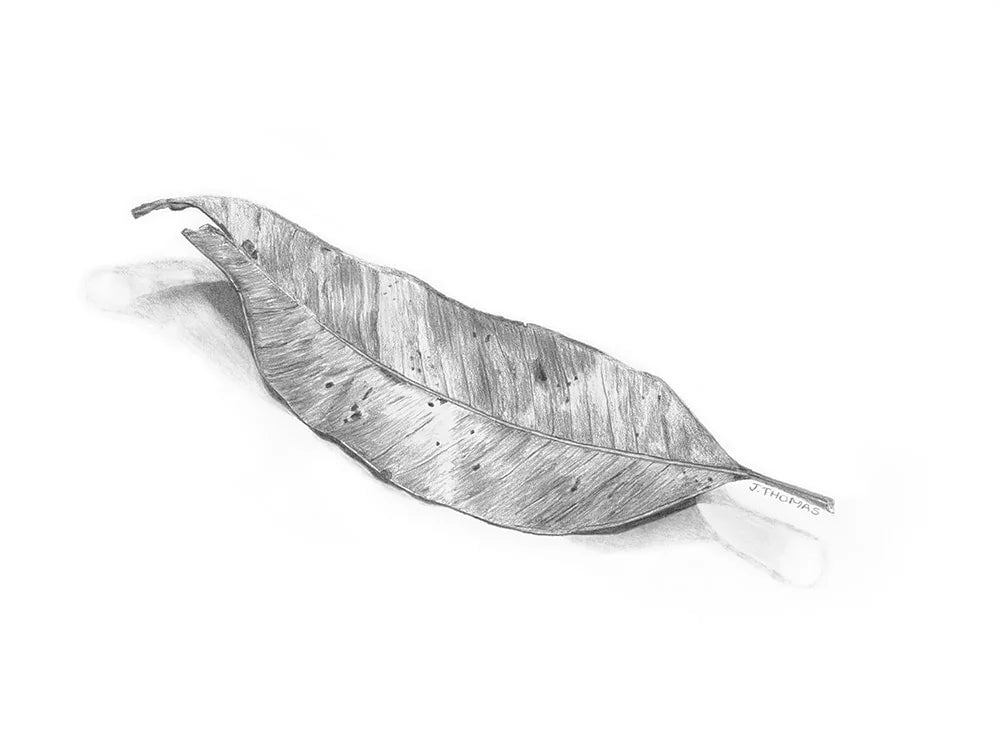 Gum Leaf- Print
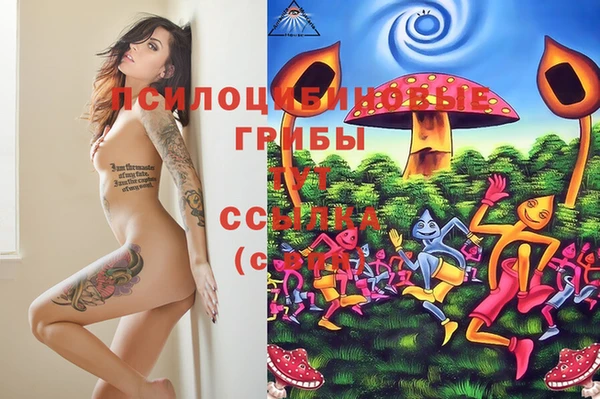 крисы Михайловка
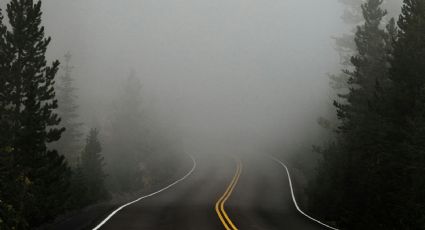 Guía para navegar las carreteras con neblina en México ¿Cuáles son?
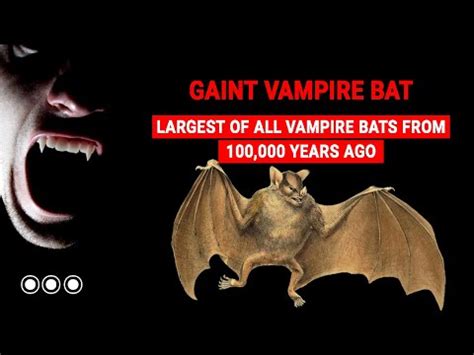 Scientists Discovered the remains of a 100,000 Year Old - Giant Vampire ...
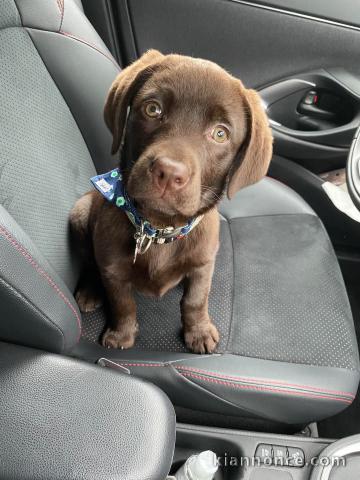chiot labrador retriever chocolat disponible 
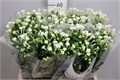 Бувардия-Bouvardia-En Whi Sensation--60cm 7f64a281-c482-11ec-0a80-0d2200353599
++++++++
■ WHAT YOU NEED TO DO
Pictures should be omitted. Please return exactly the lines from the line that holds "chiot labrador retriever chocolat disponible" through the end of the records.

■ COMPLETED EXERCISE
chiot labrador retriever chocolat disponible 
 Бувардия-Bouvardia-En Whi Sensation--60cm 7f64a281-c482-11ec-0a80-0d2200353599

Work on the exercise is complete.